La riqueza río arriba
1999 fue el año más pobre de mi vida. El dólar se había disparado respecto a la peseta y la asignación de mis padres daba para muy poco en Seattle. Era un estudiante español en la Universidad de Washington, con beca no dineraria; sólo me pagaban la matrícula. Sobrevivía a base de ramen y los donuts secos del día anterior: seis por un dólar. Fue el año en que más engordé. También fue en el que más aprendí.
Todos los años, las residencias de estudiantes subastaban paquetes con ropa que se habían dejado los residentes. Veinte dólares, cargar con un saco por media ciudad y ya tenía vestimenta para todo el año.
Mi habitación era el closet del apartamento de Robert en el Malloy Building.
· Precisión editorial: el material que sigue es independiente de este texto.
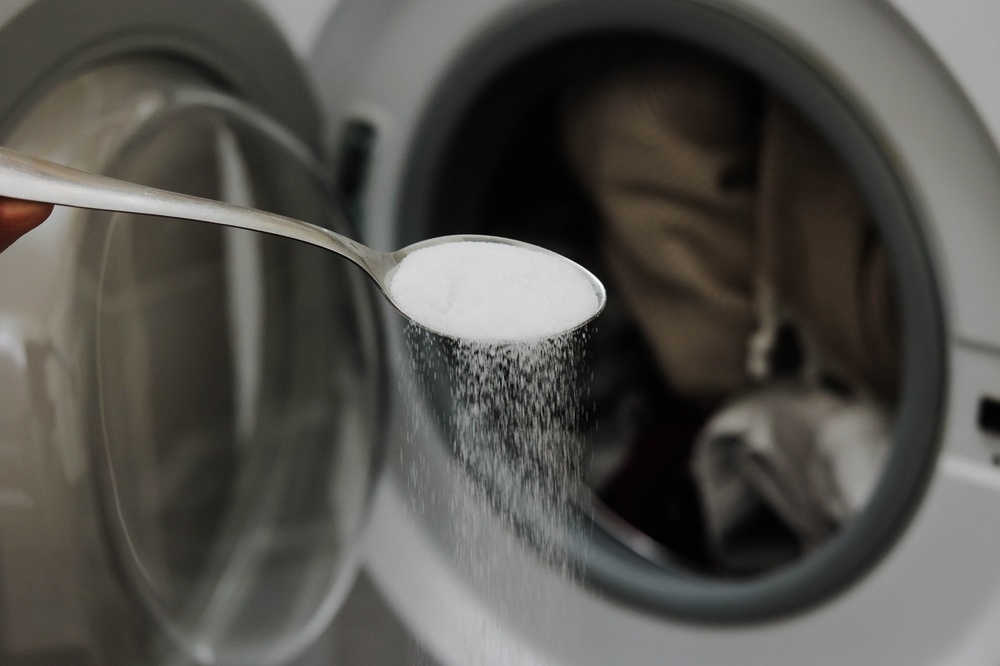 Spoon with baking soda in front of a washing machine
Tenía entre cuatro y cinco metros cuadrados, literalmente. La paradoja era que si quería vestirme cómodamente tenía que salirme al salón. Pero tenía una ventana que daba al skyline de la ciudad. El Space Needle ahí delante mío. Imagínate.
Comida, techo y ropa. Resolví la mitad de mi pirámide de Maslow con honores, gracias a lo que la gente dejaba de usar.
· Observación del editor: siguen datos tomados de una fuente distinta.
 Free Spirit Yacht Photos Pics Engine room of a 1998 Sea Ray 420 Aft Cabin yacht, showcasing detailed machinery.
Pero yo no había ido a Seattle a sobrevivir, había ido a cambiar mi vida. Quería hacerme rico, sí, pero no de dinero, sino de conocimiento. Internet estaba naciendo, en esa universidad estaban algunos de los mejores profesores del mundo, pioneros en entender lo que pasaba en lo digital. Y yo tenía un curso para sacarles todo el partido.
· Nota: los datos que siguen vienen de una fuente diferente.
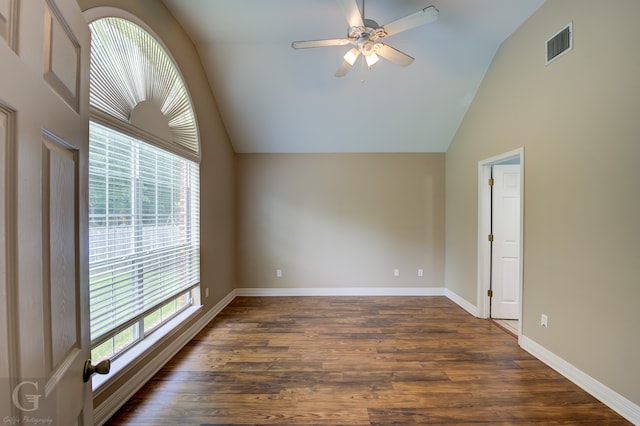 unfurnished room featuring ceiling fan, dark hardwood / wood-style floors, and lofted ceiling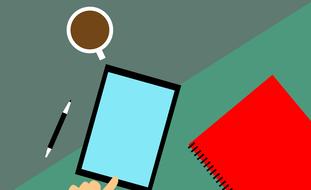 drawn tablet, red notebook and a cup of coffee on the table
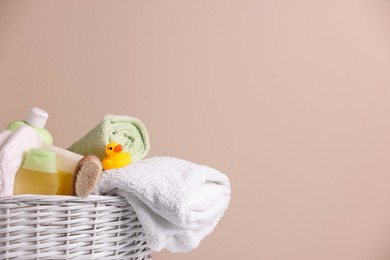 Photo of Wicker basket with baby cosmetic products, bath accessories and rubber duck on beige background. Space for text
Comprar libros tampoco era sencillo. Eran caros, pero siempre podía comprar de segunda mano. El problema no era financiero, era material: ocupaban un espacio que no tenía en mi closet ni en mi maleta de vuelta. Tenía que ser muy selectivo. Podía leer lo que quisiera —las bibliotecas de la UW lo tenían todo— pero podía poseer poco.
Mi criterio consistía en empezar a leer y ver qué sentía. Leí mucho, aprendí mucho, pero hubo unos pocos que me provocaron una reacción corporal, algo que no había sentido nunca antes. Recuerdo perfectamente la sensación porque era física: una energía que se expandía de mi cabeza a mi pecho y de ahí a los brazos. Las ideas irradiando desde dentro. La vibración interior en las manos mientras sostenía el libro, el aumento de temperatura en las yemas de los dedos. Pocos libros en mi vida me han provocado esa reacción tan intensa, tan acelerada, tan consciente.
Fueron tres, aún los conservo:
A Brave New World, de Aldous Huxley.
Neuromancer, de William Gibson.
The Global Village, de Marshall McLuhan.
Consagré ese año a entender la relación entre las personas y la tecnología: lo bello, lo sombrío, lo necesario, lo inevitable y lo posible. Y proyecté todo lo que aprendí en mi profesión: diseño. Estudiarlo, practicarlo y enseñarlo.
Esos tres libros hablan de lo mismo y, aunque uno es ensayo y los otros dos son ciencia ficción, los tres actúan en la misma dirección: proponen hacia adelante. Sugieren una mirada que no quiere explicar, quiere sugerir.
El diseño es quizás la profesión más hermosa del mundo porque construye trocitos de futuro. Pero el diseño no propone… sólo ejecuta. El poder de sugerir no es suyo, le viene dado. Vive encajonado en su propio closet de encargos, presupuestos, viabilidad y rentabilidad. Y cuando llega a casa, exhausto, cansado de lidiar con todo eso, apaga la luz y sueña ciencia ficción.
La ciencia ficción propone y el diseño dispone.
Fui a Seattle buscando enriquecerme de conocimiento. Me he pasado veinticinco años aplicándolo y compartiéndolo. Y ahora —poco a poco— estoy remando en la otra dirección, río arriba. Volviendo al origen de esa corriente, donde las ideas no se aplican, se imaginan.